DTGEVC(1) LAPACK routine (version 3.2) DTGEVC(1)NAMEDTGEVC - computes some or all of the right and/or left eigenvectors of
a pair of real matrices (S,P), where S is a quasi-triangular matrix and
P is upper triangular
SYNOPSIS
SUBROUTINE DTGEVC( SIDE, HOWMNY, SELECT, N, S, LDS, P, LDP, VL, LDVL,
VR, LDVR, MM, M, WORK, INFO )
CHARACTER HOWMNY, SIDE
INTEGER INFO, LDP, LDS, LDVL, LDVR, M, MM, N
LOGICAL SELECT( * )
DOUBLE PRECISION P( LDP, * ), S( LDS, * ), VL( LDVL, * ),
VR( LDVR, * ), WORK( * )
PURPOSEDTGEVC computes some or all of the right and/or left eigenvectors of a
pair of real matrices (S,P), where S is a quasi-triangular matrix and P
is upper triangular. Matrix pairs of this type are produced by the
generalized Schur factorization of a matrix pair (A,B):
A = Q*S*Z**T, B = Q*P*Z**T
as computed by DGGHRD + DHGEQZ.
The right eigenvector x and the left eigenvector y of (S,P) correspond‐
ing to an eigenvalue w are defined by:
S*x = w*P*x, (y**H)*S = w*(y**H)*P,
where y**H denotes the conjugate tranpose of y.
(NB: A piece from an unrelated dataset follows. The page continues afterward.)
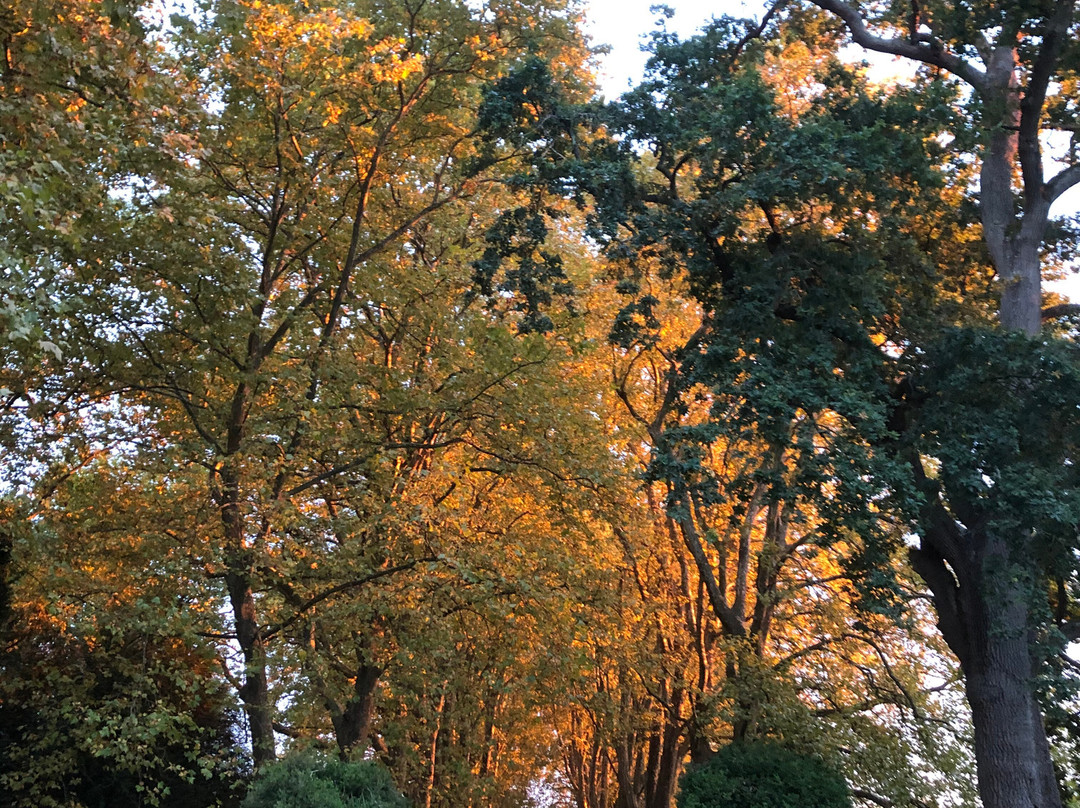 蒙泰马斯乐城堡酒店主图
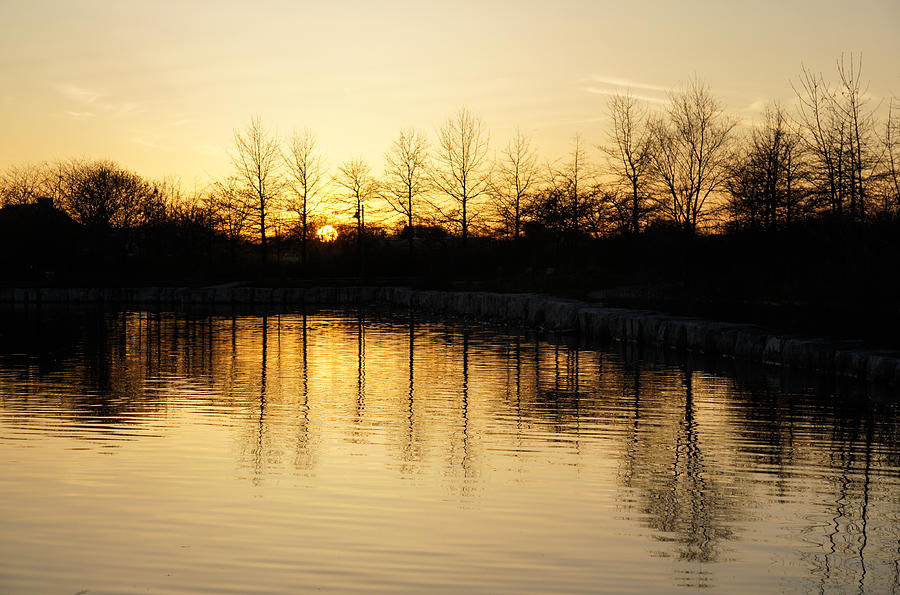 Tree Photograph - Golden and Peaceful - a Sunset on Lake Ontario in Toronto Canada by Georgia Mizuleva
The eigenvalues are not input to this routine, but are computed
directly from the diagonal blocks of S and P.
This routine returns the matrices X and/or Y of right and left eigen‐
vectors of (S,P), or the products Z*X and/or Q*Y,
where Z and Q are input matrices.
If Q and Z are the orthogonal factors from the generalized Schur fac‐
torization of a matrix pair (A,B), then Z*X and Q*Y
are the matrices of right and left eigenvectors of (A,B).
ARGUMENTS
SIDE (input) CHARACTER*1
= 'R': compute right eigenvectors only;
= 'L': compute left eigenvectors only;
= 'B': compute both right and left eigenvectors.
HOWMNY (input) CHARACTER*1
= 'A': compute all right and/or left eigenvectors;
= 'B': compute all right and/or left eigenvectors, backtrans‐
formed by the matrices in VR and/or VL; = 'S': compute selected
right and/or left eigenvectors, specified by the logical array
SELECT.
SELECT (input) LOGICAL array, dimension (N)
If HOWMNY='S', SELECT specifies the eigenvectors to be com‐
puted. If w(j) is a real eigenvalue, the corresponding real
eigenvector is computed if SELECT(j) is .TRUE.. If w(j) and
w(j+1) are the real and imaginary parts of a complex eigenval‐
ue, the corresponding complex eigenvector is computed if either
SELECT(j) or SELECT(j+1) is .TRUE., and on exit SELECT(j) is
set to .TRUE. and SELECT(j+1) is set to .FALSE.. Not refer‐
enced if HOWMNY = 'A' or 'B'.
N (input) INTEGER
The order of the matrices S and P. N >= 0.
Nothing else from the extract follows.